What you return should be the lines from the one with "Elegance Contemporary Designed" through the one with "Modern Frustrated Girl" in the data below, reproduced exactly with both ends, and no pictures at all.

╭─ Dataset

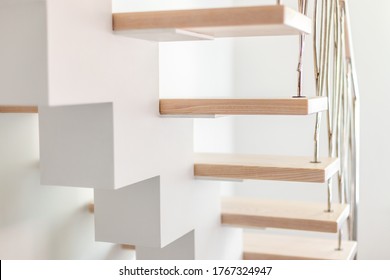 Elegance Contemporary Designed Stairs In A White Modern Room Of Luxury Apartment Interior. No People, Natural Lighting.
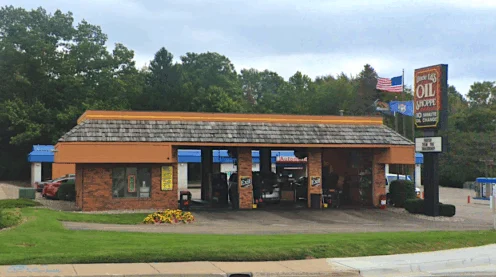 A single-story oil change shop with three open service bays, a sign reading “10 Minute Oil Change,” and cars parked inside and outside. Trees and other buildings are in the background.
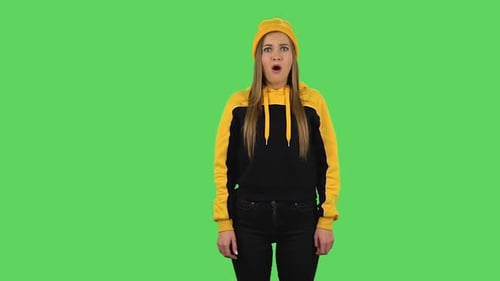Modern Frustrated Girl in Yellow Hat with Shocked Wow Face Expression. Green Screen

╰─
╭─ Dataset

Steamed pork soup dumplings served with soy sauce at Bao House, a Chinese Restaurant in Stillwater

╰─
╭─ Dataset

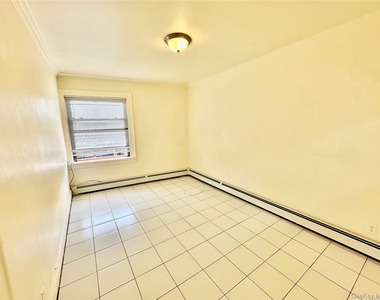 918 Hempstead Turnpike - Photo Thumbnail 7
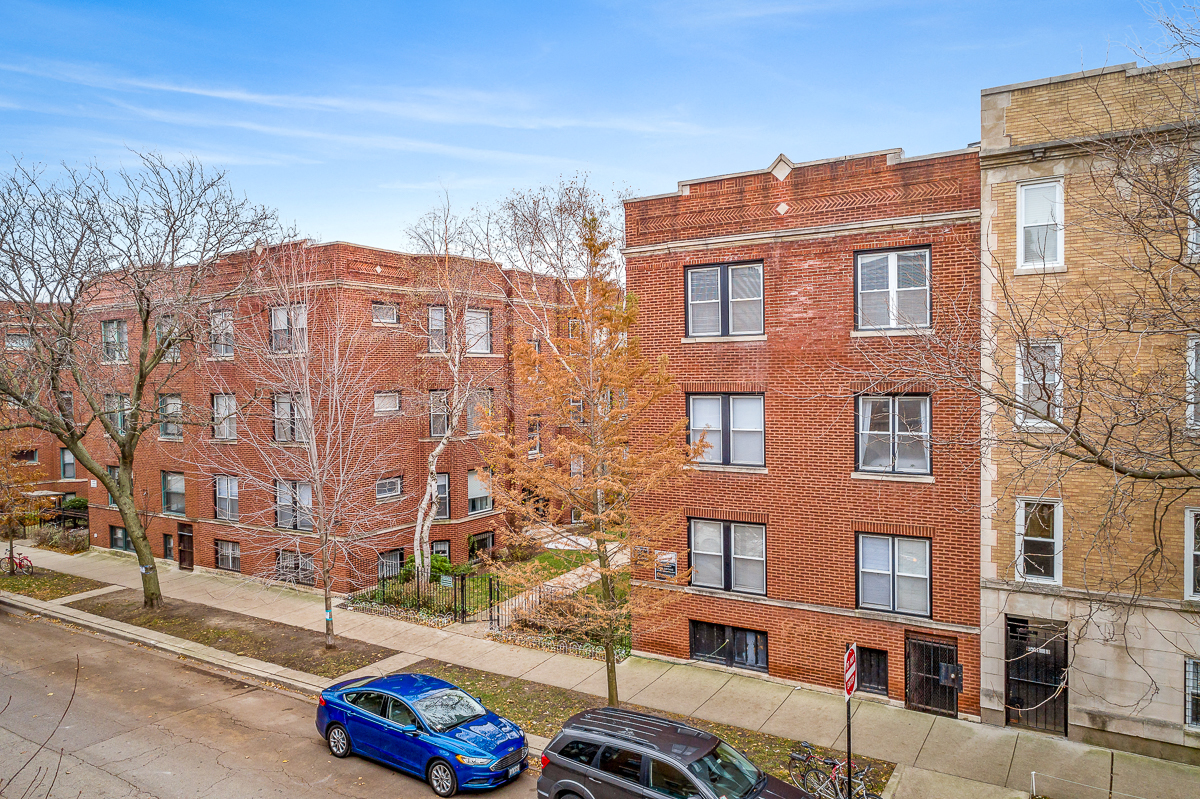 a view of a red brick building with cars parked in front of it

╰─

* [Solution to the exercise]
 Elegance Contemporary Designed Stairs In A White Modern Room Of Luxury Apartment Interior. No People, Natural Lighting.
 A single-story oil change shop with three open service bays, a sign reading “10 Minute Oil Change,” and cars parked inside and outside. Trees and other buildings are in the background.
Modern Frustrated Girl in Yellow Hat with Shocked Wow Face Expression. Green Screen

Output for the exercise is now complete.